More impressive than the numbers shared at Convergence were key customer spotlights. Revlon, for example, is using Dynamics AX to consolidate and replace 21 ERP systems, while Dell is using AX to replace a legacy manufacturing system that supported more than 30 highly customized manufacturing applications. In both cases the savings are in the tens of millions of dollars.

Revlon and Dell are the tip of the iceberg when it comes to consolidation, according to Microsoft. The sweet spot of that trend is among midrange companies with $100 million to $5 billion in revenue, according to Microsoft Business Solutions president Kirill Tatarinov.

"In this range we typically find huge interest in eliminating ERP soup and getting to one elegant, modern system," Tatarinov told InformationWeek in an interview at Convergence.

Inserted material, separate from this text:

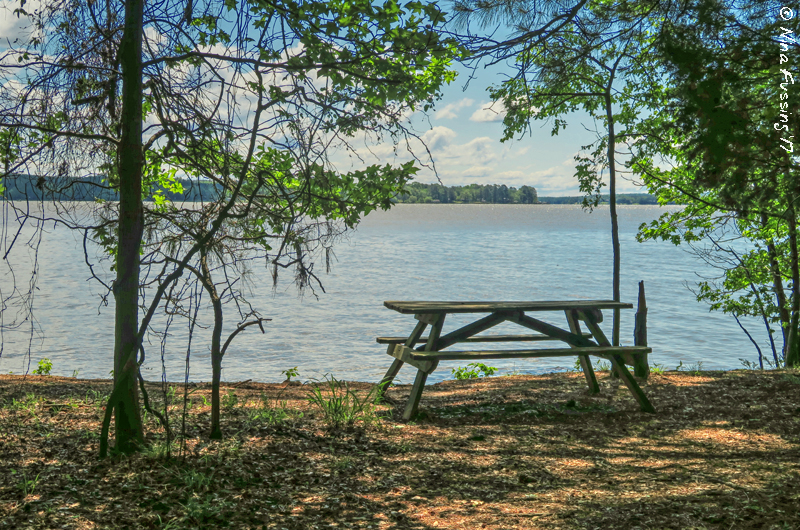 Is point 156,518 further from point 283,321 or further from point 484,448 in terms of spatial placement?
point 283,321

The "soup" in question is a mix of home-grown ERP apps, top-three (SAP/Oracle/Infor) apps and lesser-known legacy ERP systems that tend to be dated and expensive to maintain.

Above that $5 billion (Global 2000) threshold, companies typically already have a core ERP system in place, and they have little appetite to replace it because they've spent millions of dollars getting it to work, Tatarinov said. Dell, for example, is a $62 billion manufacturer that's sticking with Oracle E-Business Suite as its core ERP system, but it's replacing an unnamed legacy manufacturing resource planning (MRP) system with Dynamics AX. (MRP is a component of ERP.)

Revlon, the well-known cosmetics maker, had "one of everything" among the 21 ERP systems the company had in use globally, according to CIO David Giambruno. That included four systems in the U.S. alone, but no one system was dominant, Giambruno told InformationWeek at Convergence.

It's hard to say precisely how much Revlon will save just on app consolidation, Giambruno said, because the project is still underway and followed a massive infrastructure upgrade and master data management project launched five years ago. That effort consolidated all data (and will eventually consolidate all apps) onto to a global, private-cloud infrastructure. Revlon has thus far documented more than $70 million in annual cost avoidance and savings from the total project, Giambruno said.

A Dell spokesperson was not available at Convergence, but Microsoft executives discussed the deployment in detail, even reporting that Dell is saving some $50 million per year by eliminating 30-plus custom apps that were time-consuming and costly to maintain.